Segment Start: RECORDS TO PROCESS
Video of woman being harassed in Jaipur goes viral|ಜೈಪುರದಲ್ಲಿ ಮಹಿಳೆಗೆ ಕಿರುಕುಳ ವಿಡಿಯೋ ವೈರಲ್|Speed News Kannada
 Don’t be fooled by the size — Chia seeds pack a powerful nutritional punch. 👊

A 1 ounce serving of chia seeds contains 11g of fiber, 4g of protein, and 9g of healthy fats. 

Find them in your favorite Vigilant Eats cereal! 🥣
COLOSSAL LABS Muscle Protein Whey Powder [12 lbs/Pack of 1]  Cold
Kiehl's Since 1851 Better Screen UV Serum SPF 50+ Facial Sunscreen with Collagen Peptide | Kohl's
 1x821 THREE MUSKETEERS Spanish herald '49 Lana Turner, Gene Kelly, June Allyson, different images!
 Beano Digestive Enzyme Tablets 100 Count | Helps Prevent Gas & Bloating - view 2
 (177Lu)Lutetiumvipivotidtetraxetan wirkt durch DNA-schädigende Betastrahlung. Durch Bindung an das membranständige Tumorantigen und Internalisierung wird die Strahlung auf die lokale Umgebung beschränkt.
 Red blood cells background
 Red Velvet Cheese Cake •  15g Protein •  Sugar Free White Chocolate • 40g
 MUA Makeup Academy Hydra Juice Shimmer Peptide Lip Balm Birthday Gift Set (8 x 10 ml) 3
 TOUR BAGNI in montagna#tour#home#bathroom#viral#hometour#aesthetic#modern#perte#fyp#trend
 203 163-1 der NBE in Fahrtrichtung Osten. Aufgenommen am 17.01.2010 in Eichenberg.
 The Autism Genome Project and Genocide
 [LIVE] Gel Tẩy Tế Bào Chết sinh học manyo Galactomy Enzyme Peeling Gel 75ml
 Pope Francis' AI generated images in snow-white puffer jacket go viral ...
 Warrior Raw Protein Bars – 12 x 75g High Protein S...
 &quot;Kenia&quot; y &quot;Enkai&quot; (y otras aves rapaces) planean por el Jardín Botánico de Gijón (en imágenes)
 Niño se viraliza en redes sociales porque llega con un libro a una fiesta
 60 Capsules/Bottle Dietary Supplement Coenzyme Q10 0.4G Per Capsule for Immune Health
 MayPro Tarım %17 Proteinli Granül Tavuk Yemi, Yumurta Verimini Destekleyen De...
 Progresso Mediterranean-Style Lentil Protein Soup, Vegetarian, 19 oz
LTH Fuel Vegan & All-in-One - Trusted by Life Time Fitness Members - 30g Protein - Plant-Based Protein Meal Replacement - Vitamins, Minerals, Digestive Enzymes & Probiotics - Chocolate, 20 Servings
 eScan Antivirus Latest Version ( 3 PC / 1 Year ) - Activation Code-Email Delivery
Segment End: RECORDS TO PROCESS
[WORK REQUEST]: A complete and exact transcription of the material is required.

[RESPONSE TO THE TASK]:
Video of woman being harassed in Jaipur goes viral|ಜೈಪುರದಲ್ಲಿ ಮಹಿಳೆಗೆ ಕಿರುಕುಳ ವಿಡಿಯೋ ವೈರಲ್|Speed News Kannada
 Don’t be fooled by the size — Chia seeds pack a powerful nutritional punch. 👊

A 1 ounce serving of chia seeds contains 11g of fiber, 4g of protein, and 9g of healthy fats. 

Find them in your favorite Vigilant Eats cereal! 🥣
COLOSSAL LABS Muscle Protein Whey Powder [12 lbs/Pack of 1]  Cold
Kiehl's Since 1851 Better Screen UV Serum SPF 50+ Facial Sunscreen with Collagen Peptide | Kohl's
 1x821 THREE MUSKETEERS Spanish herald '49 Lana Turner, Gene Kelly, June Allyson, different images!
 Beano Digestive Enzyme Tablets 100 Count | Helps Prevent Gas & Bloating - view 2
 (177Lu)Lutetiumvipivotidtetraxetan wirkt durch DNA-schädigende Betastrahlung. Durch Bindung an das membranständige Tumorantigen und Internalisierung wird die Strahlung auf die lokale Umgebung beschränkt.
 Red blood cells background
 Red Velvet Cheese Cake •  15g Protein •  Sugar Free White Chocolate • 40g
 MUA Makeup Academy Hydra Juice Shimmer Peptide Lip Balm Birthday Gift Set (8 x 10 ml) 3
 TOUR BAGNI in montagna#tour#home#bathroom#viral#hometour#aesthetic#modern#perte#fyp#trend
 203 163-1 der NBE in Fahrtrichtung Osten. Aufgenommen am 17.01.2010 in Eichenberg.
 The Autism Genome Project and Genocide
 [LIVE] Gel Tẩy Tế Bào Chết sinh học manyo Galactomy Enzyme Peeling Gel 75ml
 Pope Francis' AI generated images in snow-white puffer jacket go viral ...
 Warrior Raw Protein Bars – 12 x 75g High Protein S...
 &quot;Kenia&quot; y &quot;Enkai&quot; (y otras aves rapaces) planean por el Jardín Botánico de Gijón (en imágenes)
 Niño se viraliza en redes sociales porque llega con un libro a una fiesta
 60 Capsules/Bottle Dietary Supplement Coenzyme Q10 0.4G Per Capsule for Immune Health
 MayPro Tarım %17 Proteinli Granül Tavuk Yemi, Yumurta Verimini Destekleyen De...
 Progresso Mediterranean-Style Lentil Protein Soup, Vegetarian, 19 oz
LTH Fuel Vegan & All-in-One - Trusted by Life Time Fitness Members - 30g Protein - Plant-Based Protein Meal Replacement - Vitamins, Minerals, Digestive Enzymes & Probiotics - Chocolate, 20 Servings
 eScan Antivirus Latest Version ( 3 PC / 1 Year ) - Activation Code-Email Delivery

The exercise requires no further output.